WHAT YOU ARE ASKED TO DO
Your copy starts at the line containing "This demo has" and ends at the last line below. Copy exactly, without pictures.

DATA BELOW
━━━━━━━━━━━━━━━━

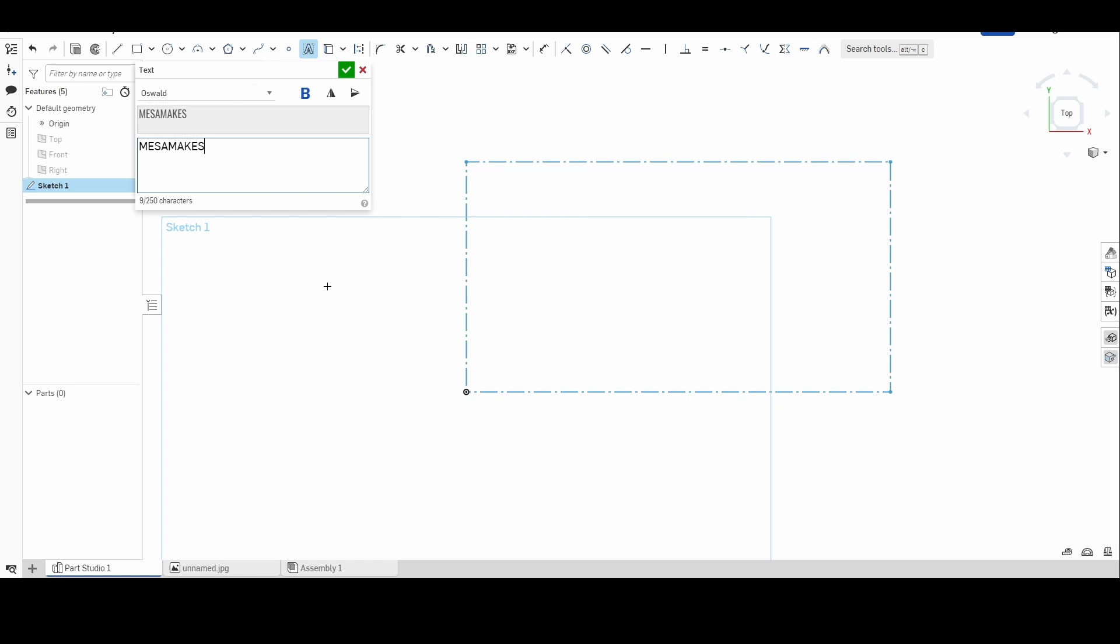We just got done doing room numbers for the school and I did these with text. I was able to make each individual letter and or number its own text box, which allowed me to change it for each different room.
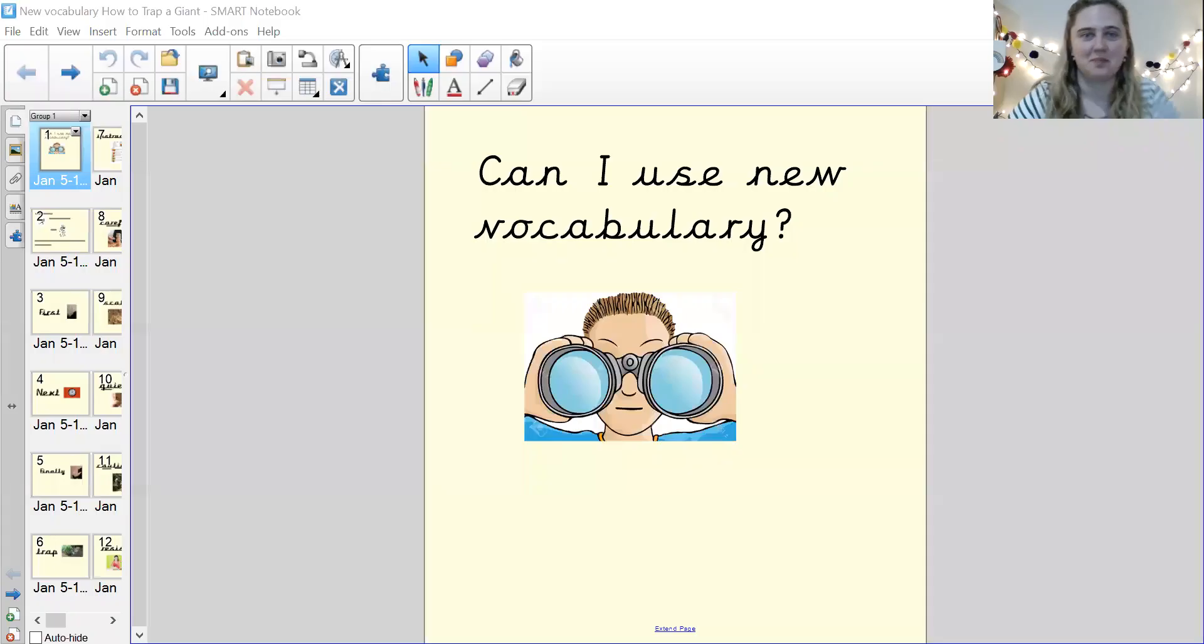Hello, year one. Welcome to English. Let me open up, pressing the wrong button already. Let me open up our English lesson for today. Hopefully that disappears soon so I can click that button. There we go.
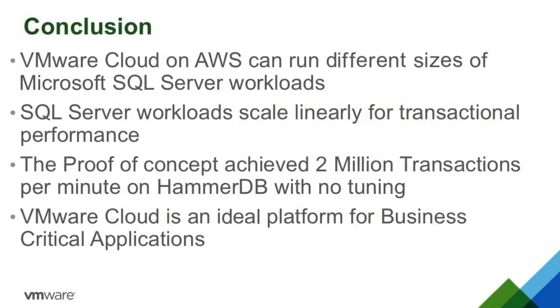This demo has shown that VMware Cloud on AWS can run different sizes of Microsoft SQL Server workloads. SQL Server workloads scale linearly for transactional performance. The proof-of-concept achieved 2 million transactions per minute on HAMMER DB with no tuning.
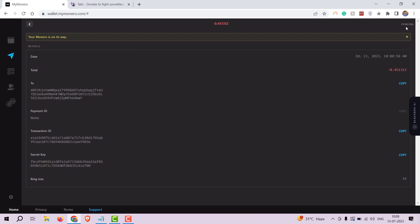Fantastic! You have successfully sent Monero using your MyMonero wallet. The recipient will receive the Monero shortly.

━━━━━━━━━━━━━━━━

RESPONSE
This demo has shown that VMware Cloud on AWS can run different sizes of Microsoft SQL Server workloads. SQL Server workloads scale linearly for transactional performance. The proof-of-concept achieved 2 million transactions per minute on HAMMER DB with no tuning.
Fantastic! You have successfully sent Monero using your MyMonero wallet. The recipient will receive the Monero shortly.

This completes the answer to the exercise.